A narrativa de Cooper deve muito à estética expressionista ao desenvolvê-la em ambientes sombrios: o predomínio de tons marrons nas casas, as ruas estarem cobertas de pó de minério, os espaços de Petty e DeGroat terem pouca luz. Traduz tanto a decadência quanto o estado psicológico dos personagens. Além disso, Cooper usa a linguagem cinematográfica hollywoodiana de forma criativa: as ações paralelas nas sequências de caça de Russel e seu tio Reed (Sam Shepard) e do confronto de Petty e DeGroat. Através da metáfora que expõe a atitude de Russel diante do cervo em contraposição ao comportamento de Rodney perante DeGroat. Isto definirá as reações futuras do próprio Russsel.

Cooper é cheio de sutilezas, de achados, que se encaixam na narrativa, sem tirar o encanto do espectador. Principalmente quando Russel e Whesley se vêm face a DeGroat. A maneira como ele, Cooper, os faz agir é ambígua. Não se trata de vingança, nem de reparação. Enseja o descrédito na Justiça e a fragilidade de Whesley perante Russel. Eles se tornam cumplices.

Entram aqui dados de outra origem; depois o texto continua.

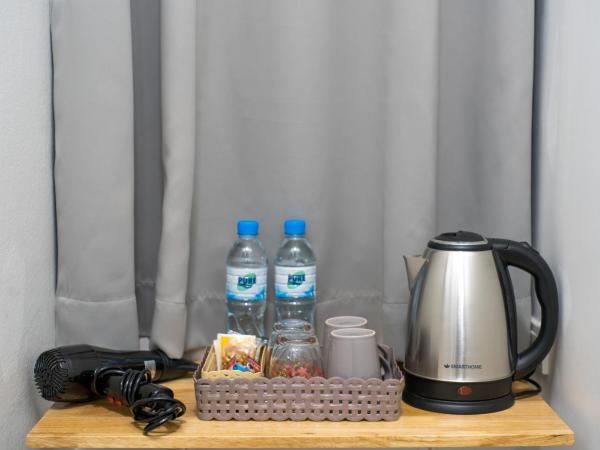 Dhub Hostel Donmueng : photo 6 de la chambre chambre lits jumeaux Économique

“Tudo por Justiça”. (“Out of de furnace”). Drama. EUA/Reino Unido. 2013. 116 minutos. Montagem: David Rosenbloom. Música: Dikon Hinchliffe. Fotografia: Masanobu Takayanagi. Roteiro: Scott Cooper/Brian Ingelsby. Direção: Scott Cooper. Elenco: Christian Bale, Casey Aflleck, Woody Harrelson, Zoe Saldana, Forest Whitaker.